Web page caption snippets:
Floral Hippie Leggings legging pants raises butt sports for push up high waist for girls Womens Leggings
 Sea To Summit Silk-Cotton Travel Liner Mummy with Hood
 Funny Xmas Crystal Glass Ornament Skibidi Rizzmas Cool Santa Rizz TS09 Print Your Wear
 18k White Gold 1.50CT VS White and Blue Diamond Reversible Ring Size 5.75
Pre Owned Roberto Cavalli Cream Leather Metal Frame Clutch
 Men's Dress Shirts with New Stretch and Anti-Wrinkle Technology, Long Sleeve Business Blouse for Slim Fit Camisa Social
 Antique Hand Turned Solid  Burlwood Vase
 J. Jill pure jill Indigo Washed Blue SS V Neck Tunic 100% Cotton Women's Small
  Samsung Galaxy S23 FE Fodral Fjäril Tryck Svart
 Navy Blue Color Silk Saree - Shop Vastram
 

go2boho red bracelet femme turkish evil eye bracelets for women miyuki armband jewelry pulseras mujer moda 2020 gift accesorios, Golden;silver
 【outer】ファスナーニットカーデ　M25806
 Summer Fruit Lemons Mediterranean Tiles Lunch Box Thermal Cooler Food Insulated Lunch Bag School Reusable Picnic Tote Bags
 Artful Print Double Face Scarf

*Task prompt*: All of the entries above need to be output again exactly.

*Response to this task*:
Floral Hippie Leggings legging pants raises butt sports for push up high waist for girls Womens Leggings
 Sea To Summit Silk-Cotton Travel Liner Mummy with Hood
 Funny Xmas Crystal Glass Ornament Skibidi Rizzmas Cool Santa Rizz TS09 Print Your Wear
 18k White Gold 1.50CT VS White and Blue Diamond Reversible Ring Size 5.75
Pre Owned Roberto Cavalli Cream Leather Metal Frame Clutch
 Men's Dress Shirts with New Stretch and Anti-Wrinkle Technology, Long Sleeve Business Blouse for Slim Fit Camisa Social
 Antique Hand Turned Solid  Burlwood Vase
 J. Jill pure jill Indigo Washed Blue SS V Neck Tunic 100% Cotton Women's Small
  Samsung Galaxy S23 FE Fodral Fjäril Tryck Svart
 Navy Blue Color Silk Saree - Shop Vastram
 

go2boho red bracelet femme turkish evil eye bracelets for women miyuki armband jewelry pulseras mujer moda 2020 gift accesorios, Golden;silver
 【outer】ファスナーニットカーデ　M25806
 Summer Fruit Lemons Mediterranean Tiles Lunch Box Thermal Cooler Food Insulated Lunch Bag School Reusable Picnic Tote Bags
 Artful Print Double Face Scarf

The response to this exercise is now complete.